Problem description:
The reply should consist solely of the lines from the one that holds "hallmark Ne'Qwa Art" through the last line of the material, reproduced exactly; no pictures belong in it.

Data section:

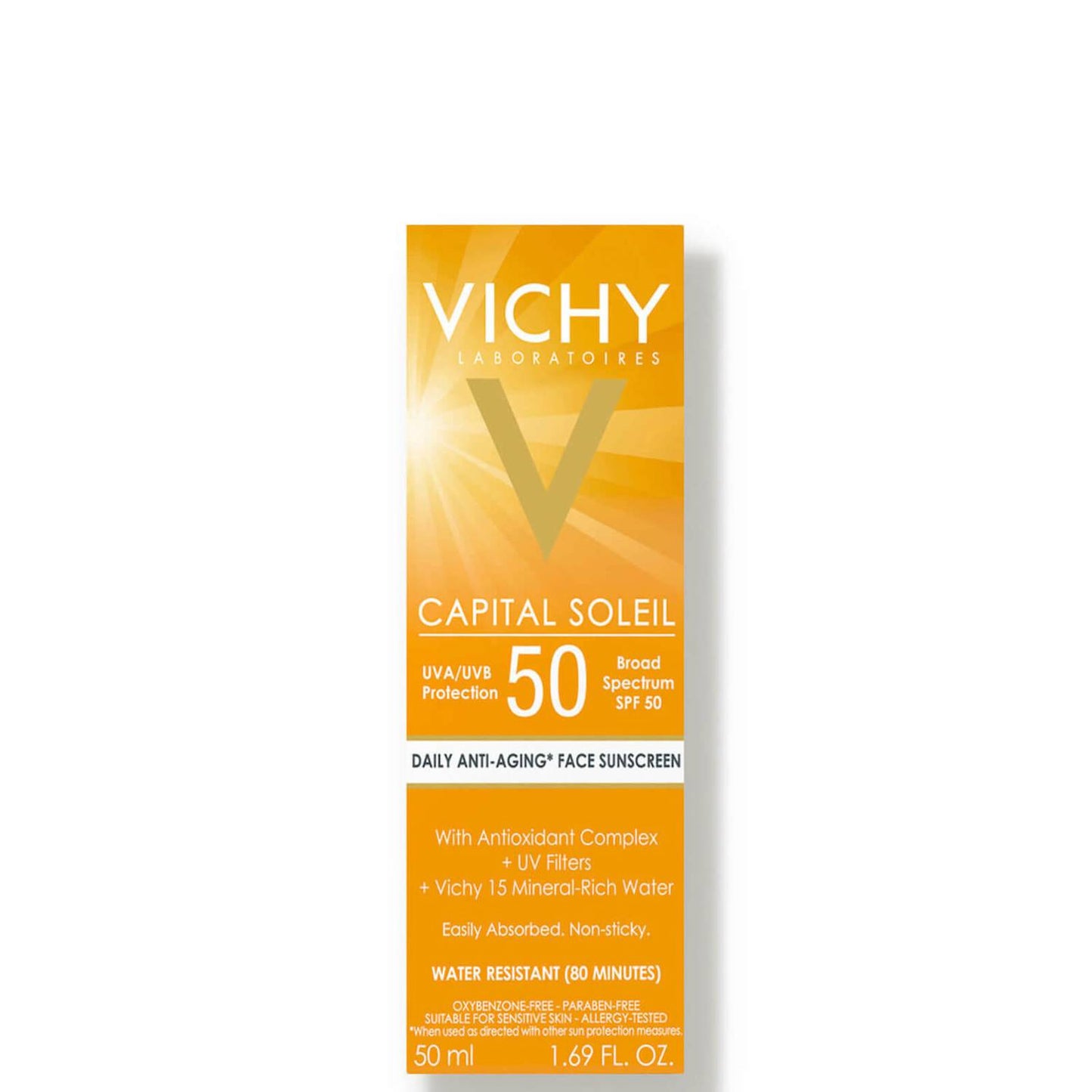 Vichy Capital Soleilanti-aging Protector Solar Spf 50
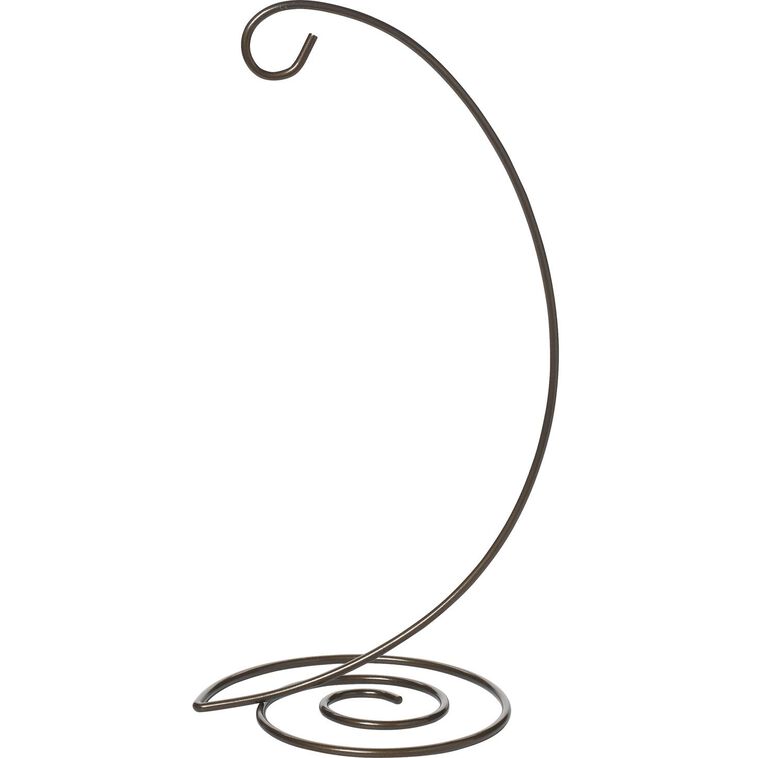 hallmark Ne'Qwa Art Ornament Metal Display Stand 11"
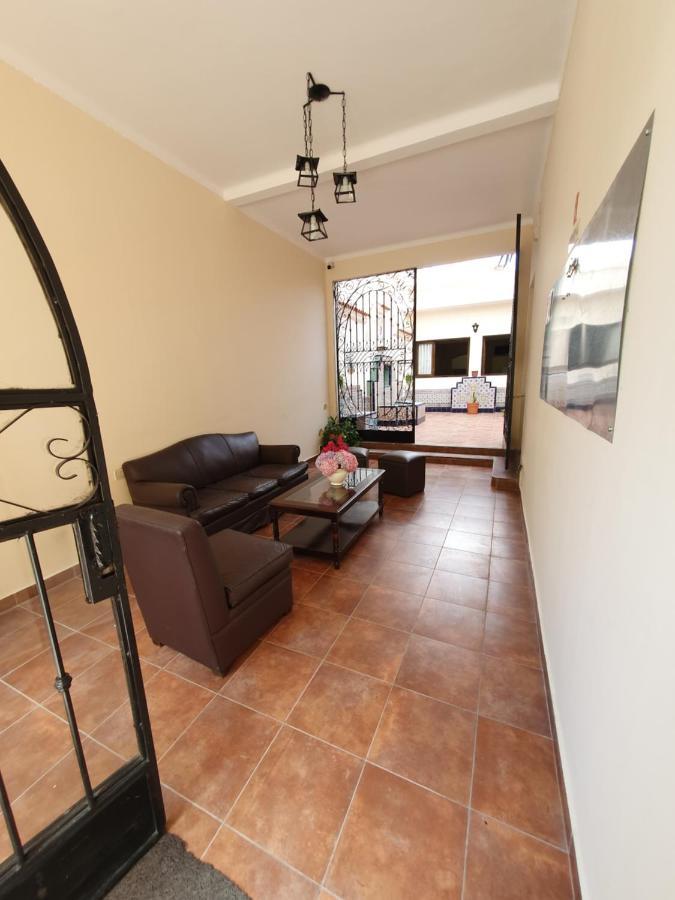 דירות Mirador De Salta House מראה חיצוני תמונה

Solution for this task:
 hallmark Ne'Qwa Art Ornament Metal Display Stand 11"
 דירות Mirador De Salta House מראה חיצוני תמונה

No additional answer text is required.